- Dataset extract -

BEGIN

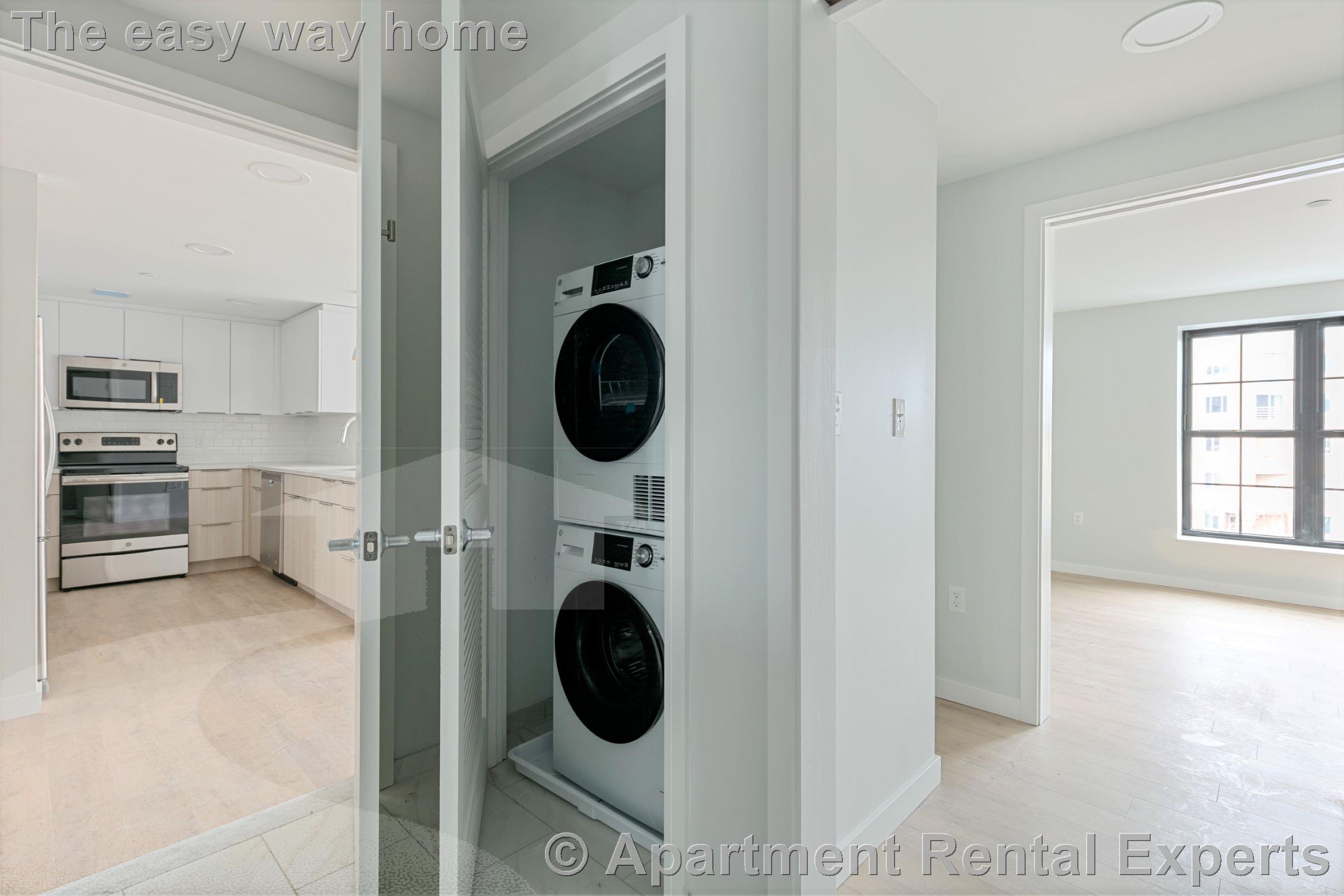 10 Soden, Central Square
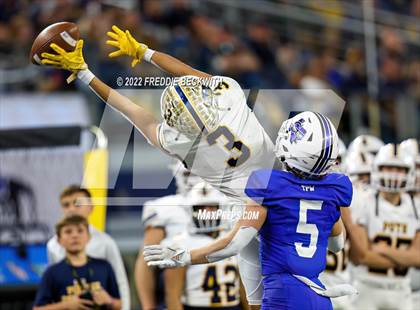 Thumbnail 3 in Poth vs Gunter (UIL 3A  D2 Final) photogallery.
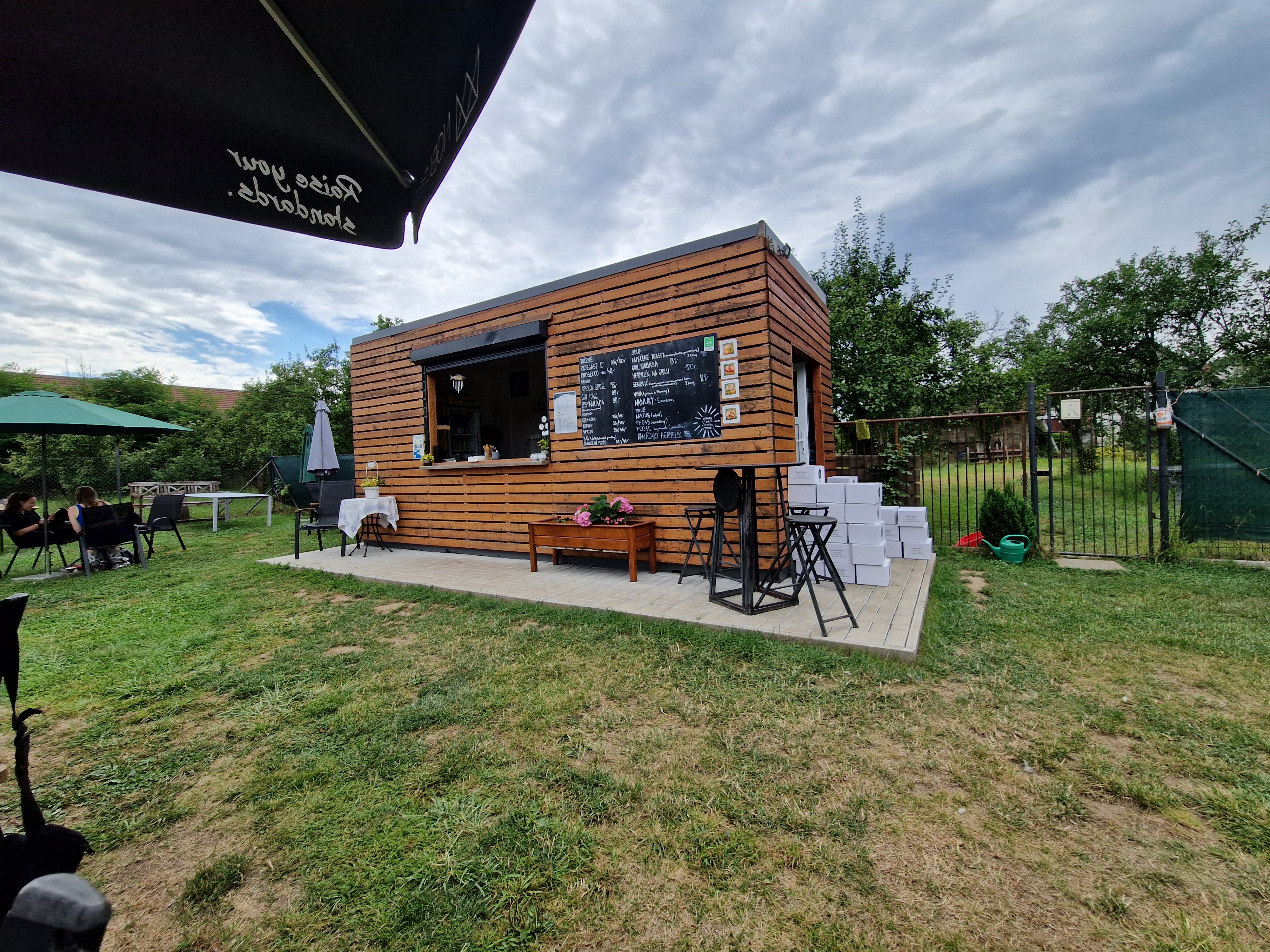 Stánek na chvilku foto 4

END

A faithful, word-for-word copy of the data is needed; the pictures should not appear in it.

- Exercise result -
 10 Soden, Central Square
 Thumbnail 3 in Poth vs Gunter (UIL 3A  D2 Final) photogallery.
 Stánek na chvilku foto 4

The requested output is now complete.